When I fell in love with cooking and baking years ago, it was the humble chocolate chip cookie that first got me into the kitchen, splattering flour on every surface trying out recipes that I eagerly ripped from my mother’s magazines. I made hundreds of cookies, trying this or that. Sometimes they had oatmeal or peanut butter; other times the recipe called for melted butter, browned butter, Crisco.

And they were good. Of course they were. But they were never “the” cookie. Something was always missing. And so it went for years. My repertoire slowly grew, as I advanced into making other things, but that perfect cookie always alluded me.

Then one day a couple years ago, I read a New York Times article on the perfect chocolate chip cookie. The article interviewed several famous bakers in the New York area on their trade secrets. The recipe, at first, appeared a little fussy for a batch of cookies, but I saved it.

Finally, my curiosity got the best of me. I made the cookies. And they are “the cookie” — slightly crisp on the outside, with a soft dense center. The recipe calls for more chocolate than a typical recipe, leaving the cookie with ribbons of melted chocolate. The sprinkle of sea salt adds depth and texture. Quite simply, they are the best chocolate chip cookies. And if they are the best, then truly, the recipe must be shared.

Chocolate Chip Cookies
(Adapted from The New York Times/David Leite and Jacques Torres)

2 cups minus 2 tablespoons cake flour
1 2/3 cups bread flour
1 1/4 teaspoons baking soda
1 1/2 teaspoons baking powder
1 1/2 teaspoons coarse salt, such as kosher
2 1/2 sticks unsalted butter, softened
1 1/4 cups light brown sugar
1 cup plus 2 tablespoons (8 oz.) granulated sugar
2 large eggs
2 teaspoons vanilla extract
1 1/4 pounds bittersweet chocolate chips or chunks (It’s important to use high quality chocolate for the best results.)
Coarse sea salt

Combine flours, baking soda, baking powder and salt in a large bowl. Whisk well; set aside.
Using a mixer fitted with paddle attachment, cream butter and sugars until very light and fluffy, about 3 to 5 minutes. Add the eggs, one at a time, mixing well after each addition. Mix in the vanilla. Scrape down the sides of the bowl with a rubber spatula as needed.

Reduce the mixer speed to low; then add dry ingredients and mix until just combined. Add the chocolate chips, and mix briefly to incorporate.

Using a standard-size ice cream scoop or a ¼ cup, scoop the dough onto a sheet pan or large platter, or anything that will hold about two dozen dough portions in a single layer. Cover tightly with plastic wrap, and chill for 24 to 36 hours (up to six days).

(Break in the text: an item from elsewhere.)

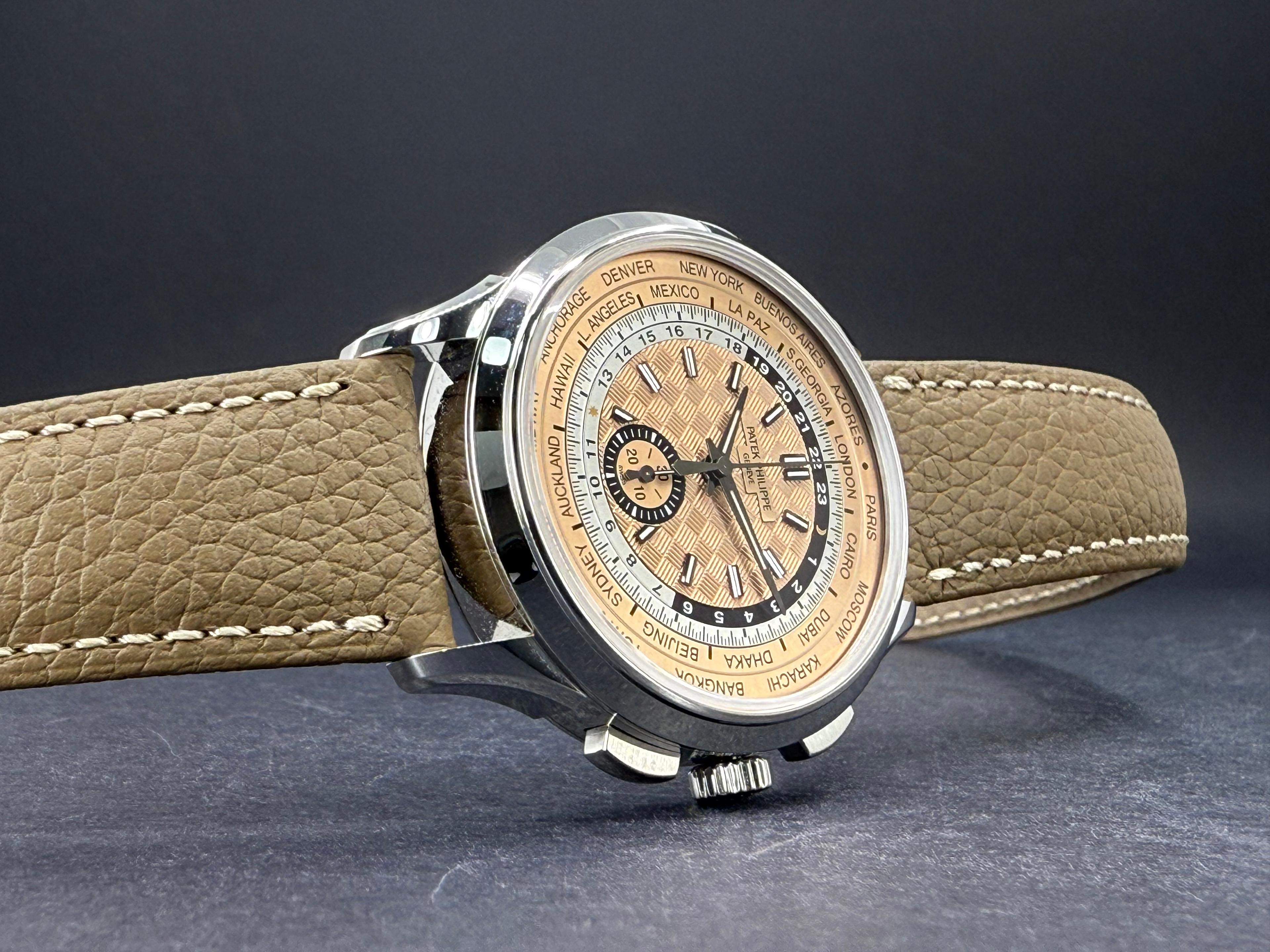 Complications World Time Chronograph Flyback Steel - 5935A-001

When you’re ready to bake, preheat oven to 350°F. Line a baking sheet with parchment paper or a nonstick baking mat. Place mounds of dough on the baking sheet, making sure to space them evenly. Sprinkle lightly with sea salt and bake until golden brown but still soft, 15 to 20 minutes. Transfer the baking sheet to a wire rack for 10 minutes, then transfer the cookies onto the rack to cool a bit more. Repeat with remaining dough.

One last note: don’t be intimidated by the initial fussiness of the recipe. You can easily trade out the cake and bread flour for all-purpose flour. But do refrigerate the dough. I’m convinced that’s what sets apart this cookie. To simplify, I typically cover my mixing bowl with plastic wrap and throw the whole thing in the fridge instead of scooping out the individual cookie balls. When I’m ready to bake a batch, I simply allow the dough to soften on the counter for a few minutes before balling up the dough and baking the cookies.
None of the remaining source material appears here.